Instructions to follow:
An exact reprint of the listing is required, with no pictures included.

Input records:
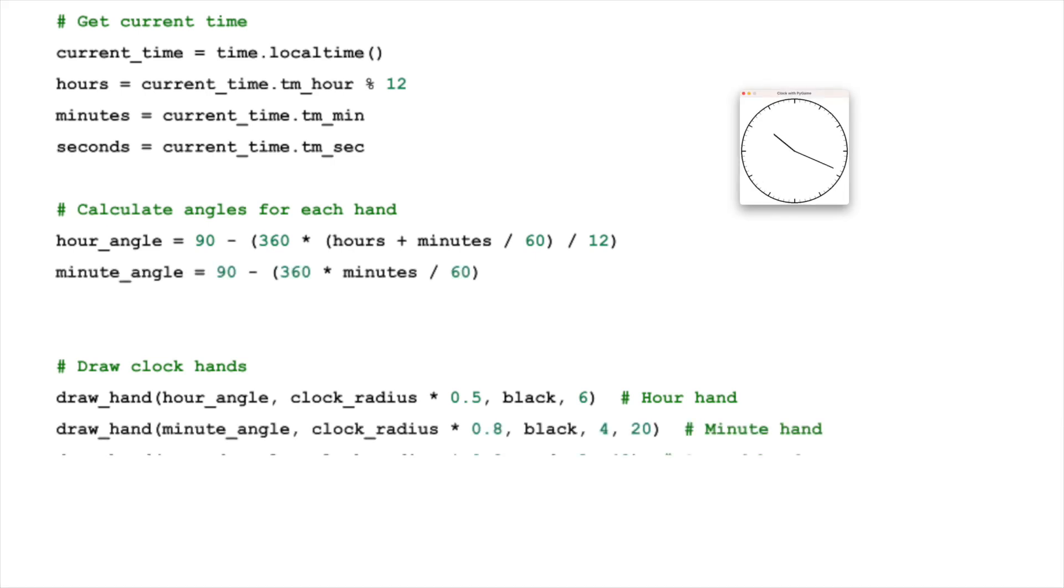The minute hand moves more frequently, completing a full circle every 60 minutes. This means each minute corresponds to an angle of 6 degrees, 360 divided by 60. The calculation here is more straightforward.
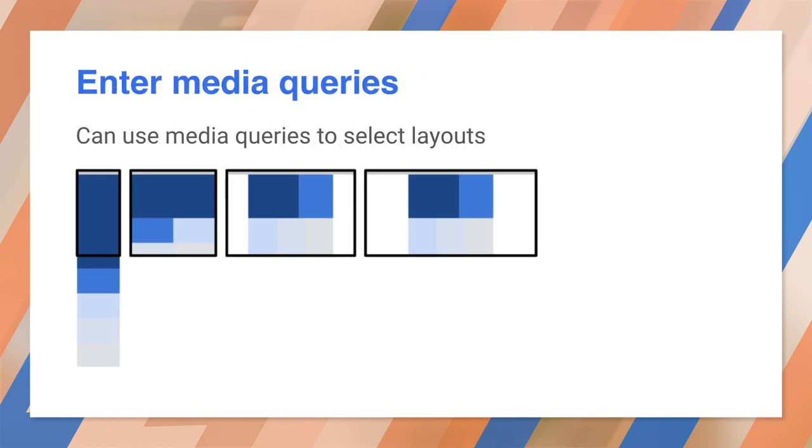It's a simple concept. Use different CSS for different sized viewports based on width. Now that doesn't just mean making the same layout fit every device. On a phone, you might want a single column layout, two column on a tablet, three column for desktop, and so on.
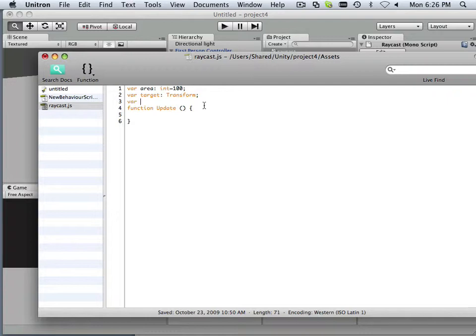So variable text. This is a text string, and it's going to be the atypical hello world.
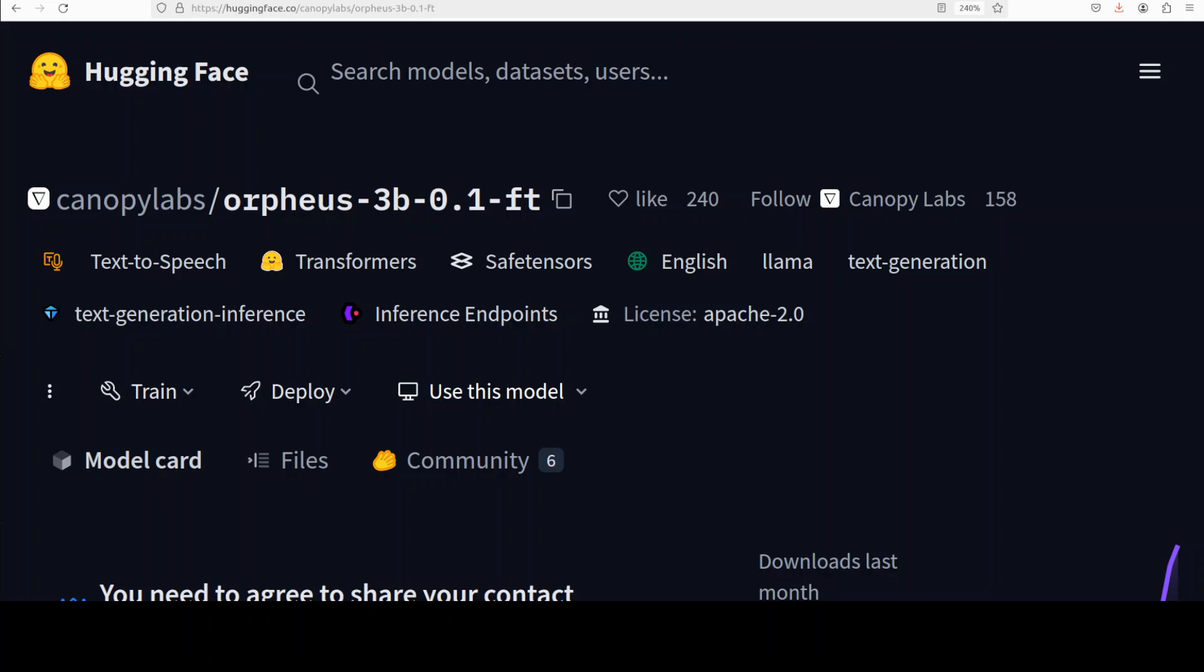Hi everyone, this is Fahad Mirza and I welcome you to the channel. Yesterday we covered this Orpheus TTS model and we installed it locally and we generated a lot of audio files in different styles. Today in this video we are going to fine-tune this model on a custom dataset.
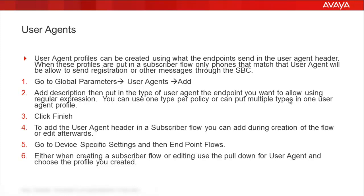These are the steps we will go through during this video on how to configure the user agents in the SBC.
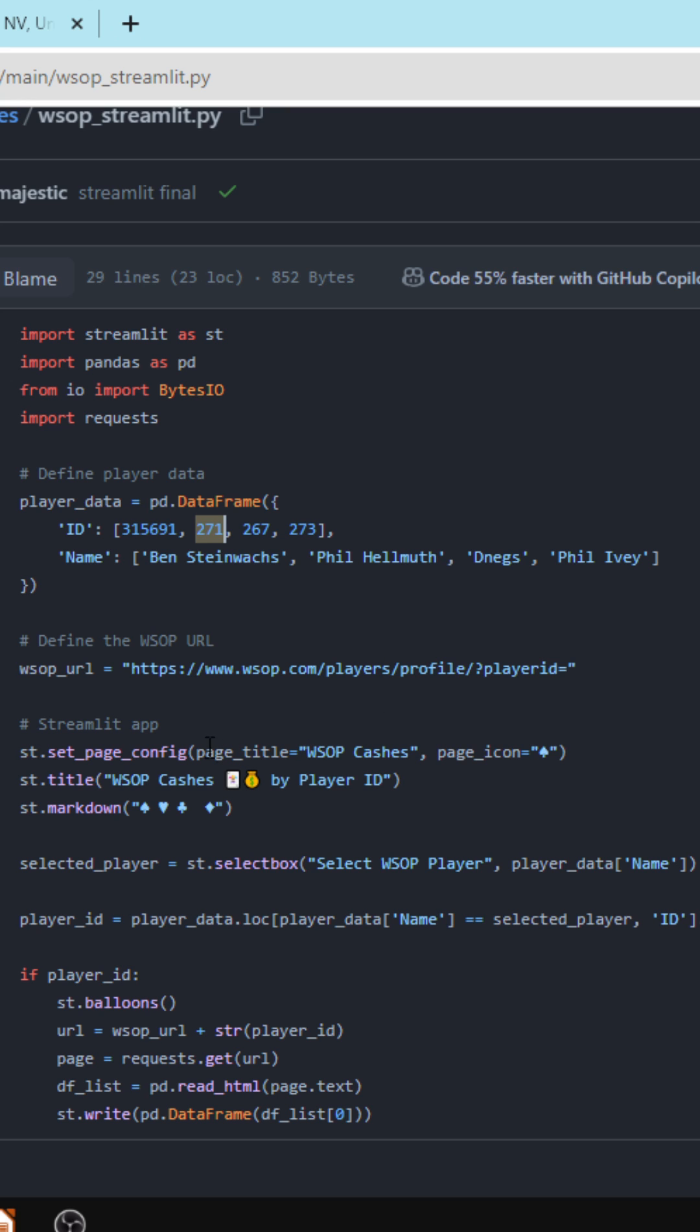The rest are just Streamlit parameters. Here you'll see I just set up a title, I'm doing some UI stuff, and then I have a select box that's going to have the player data in it.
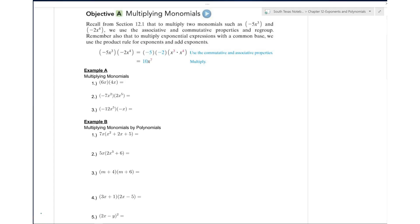For this lesson, this is section 12.5 and what we're doing here is we're multiplying monomials and we're also multiplying monomials by polynomials.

Reply to the exercise:
The minute hand moves more frequently, completing a full circle every 60 minutes. This means each minute corresponds to an angle of 6 degrees, 360 divided by 60. The calculation here is more straightforward.
It's a simple concept. Use different CSS for different sized viewports based on width. Now that doesn't just mean making the same layout fit every device. On a phone, you might want a single column layout, two column on a tablet, three column for desktop, and so on.
So variable text. This is a text string, and it's going to be the atypical hello world.
Hi everyone, this is Fahad Mirza and I welcome you to the channel. Yesterday we covered this Orpheus TTS model and we installed it locally and we generated a lot of audio files in different styles. Today in this video we are going to fine-tune this model on a custom dataset.
These are the steps we will go through during this video on how to configure the user agents in the SBC.
The rest are just Streamlit parameters. Here you'll see I just set up a title, I'm doing some UI stuff, and then I have a select box that's going to have the player data in it.
For this lesson, this is section 12.5 and what we're doing here is we're multiplying monomials and we're also multiplying monomials by polynomials.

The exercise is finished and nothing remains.